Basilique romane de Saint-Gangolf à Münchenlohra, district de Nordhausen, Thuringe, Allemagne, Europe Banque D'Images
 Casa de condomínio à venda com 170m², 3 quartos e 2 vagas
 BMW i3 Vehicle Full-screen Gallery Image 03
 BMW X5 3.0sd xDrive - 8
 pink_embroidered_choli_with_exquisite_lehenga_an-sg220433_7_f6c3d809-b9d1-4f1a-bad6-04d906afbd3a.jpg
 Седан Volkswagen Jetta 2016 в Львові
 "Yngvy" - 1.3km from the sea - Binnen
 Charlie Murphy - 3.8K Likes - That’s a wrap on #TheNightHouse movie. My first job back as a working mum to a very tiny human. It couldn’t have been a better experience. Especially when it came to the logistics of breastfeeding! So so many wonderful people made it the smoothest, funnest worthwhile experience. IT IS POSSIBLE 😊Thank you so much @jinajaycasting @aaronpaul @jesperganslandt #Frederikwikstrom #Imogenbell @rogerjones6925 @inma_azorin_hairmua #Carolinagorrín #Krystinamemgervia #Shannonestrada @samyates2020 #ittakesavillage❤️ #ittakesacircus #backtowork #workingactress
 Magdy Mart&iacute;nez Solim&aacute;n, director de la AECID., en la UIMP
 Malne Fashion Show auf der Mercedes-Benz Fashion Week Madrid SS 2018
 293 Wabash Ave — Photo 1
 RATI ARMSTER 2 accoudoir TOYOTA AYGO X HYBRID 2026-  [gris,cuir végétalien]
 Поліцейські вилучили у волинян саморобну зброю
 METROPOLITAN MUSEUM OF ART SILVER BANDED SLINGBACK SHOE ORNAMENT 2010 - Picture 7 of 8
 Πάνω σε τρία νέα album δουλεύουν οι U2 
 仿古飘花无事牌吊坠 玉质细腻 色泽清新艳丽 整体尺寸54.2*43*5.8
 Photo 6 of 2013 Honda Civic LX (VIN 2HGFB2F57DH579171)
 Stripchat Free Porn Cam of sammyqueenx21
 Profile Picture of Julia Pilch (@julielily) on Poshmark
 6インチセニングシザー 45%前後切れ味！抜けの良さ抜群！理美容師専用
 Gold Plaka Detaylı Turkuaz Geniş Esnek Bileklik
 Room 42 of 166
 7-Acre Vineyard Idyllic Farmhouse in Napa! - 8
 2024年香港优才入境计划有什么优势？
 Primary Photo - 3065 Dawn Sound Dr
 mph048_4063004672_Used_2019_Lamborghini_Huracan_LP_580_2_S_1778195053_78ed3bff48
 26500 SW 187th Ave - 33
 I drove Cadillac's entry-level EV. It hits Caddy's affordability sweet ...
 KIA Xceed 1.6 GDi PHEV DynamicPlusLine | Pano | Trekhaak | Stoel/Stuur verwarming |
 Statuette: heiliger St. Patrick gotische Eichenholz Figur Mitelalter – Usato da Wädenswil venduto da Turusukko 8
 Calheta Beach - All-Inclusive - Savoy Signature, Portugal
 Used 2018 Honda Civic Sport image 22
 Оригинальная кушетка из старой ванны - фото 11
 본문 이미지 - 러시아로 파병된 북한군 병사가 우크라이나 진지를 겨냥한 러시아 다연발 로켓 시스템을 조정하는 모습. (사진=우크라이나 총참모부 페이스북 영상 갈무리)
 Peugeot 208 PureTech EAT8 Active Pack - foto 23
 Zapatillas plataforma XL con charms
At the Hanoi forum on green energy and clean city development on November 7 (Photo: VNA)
======
= Exercise requirements =
Restate, please, word for word the span of records running from the first line to the line bearing "BMW X5 3.0sd xDrive - 8", both included, and nothing outside it.

= Result of this task =
Basilique romane de Saint-Gangolf à Münchenlohra, district de Nordhausen, Thuringe, Allemagne, Europe Banque D'Images
 Casa de condomínio à venda com 170m², 3 quartos e 2 vagas
 BMW i3 Vehicle Full-screen Gallery Image 03
 BMW X5 3.0sd xDrive - 8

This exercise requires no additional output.